* [Data segment]
++++++++

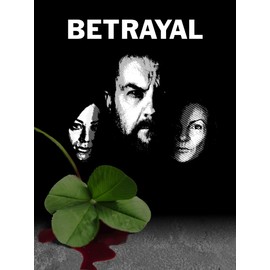 Betrayal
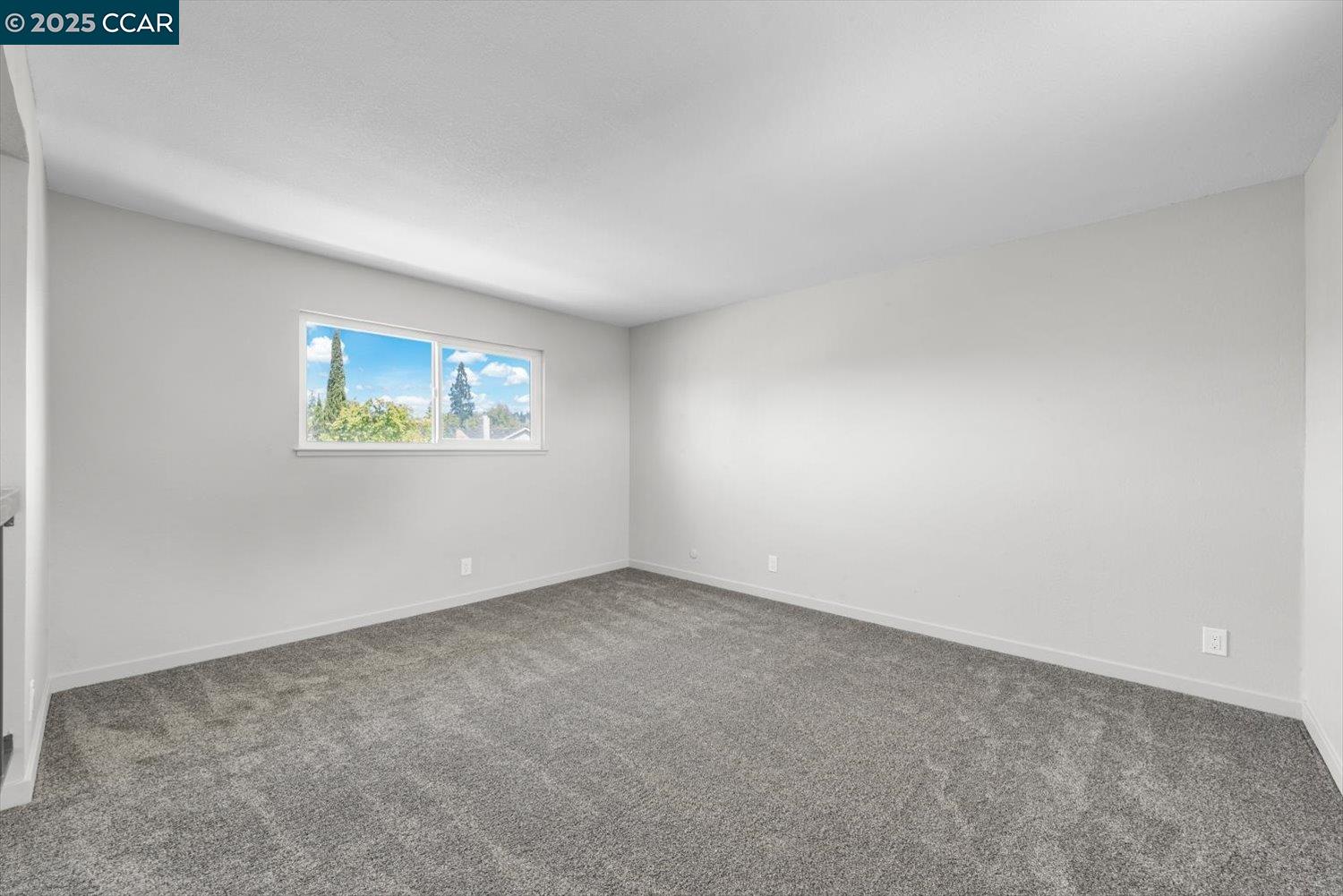 Detail Gallery Image 16 of 42 For 110 Santa Rosa Pl, San Ramon,  CA 94583 - 4 Beds | 3 Baths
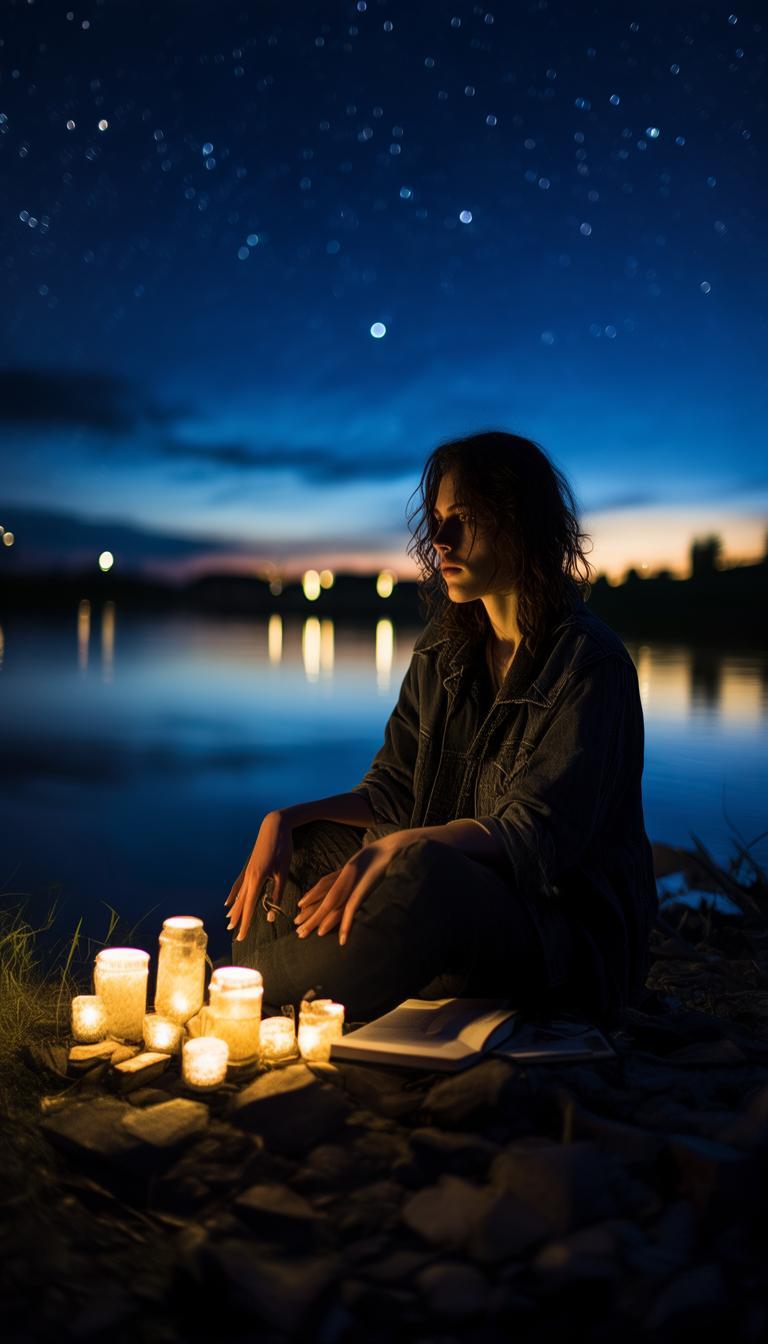 抖音涨粉个性介绍怎么写_抖音涨粉介绍撰写技巧插图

++++++++

* [Description of the task]
An exact transcription is requested of each line from the one that holds "Detail Gallery Image" to the end of the listing above, both boundary lines included; pictures are to be omitted.

* [Answer space]
 Detail Gallery Image 16 of 42 For 110 Santa Rosa Pl, San Ramon,  CA 94583 - 4 Beds | 3 Baths
 抖音涨粉个性介绍怎么写_抖音涨粉介绍撰写技巧插图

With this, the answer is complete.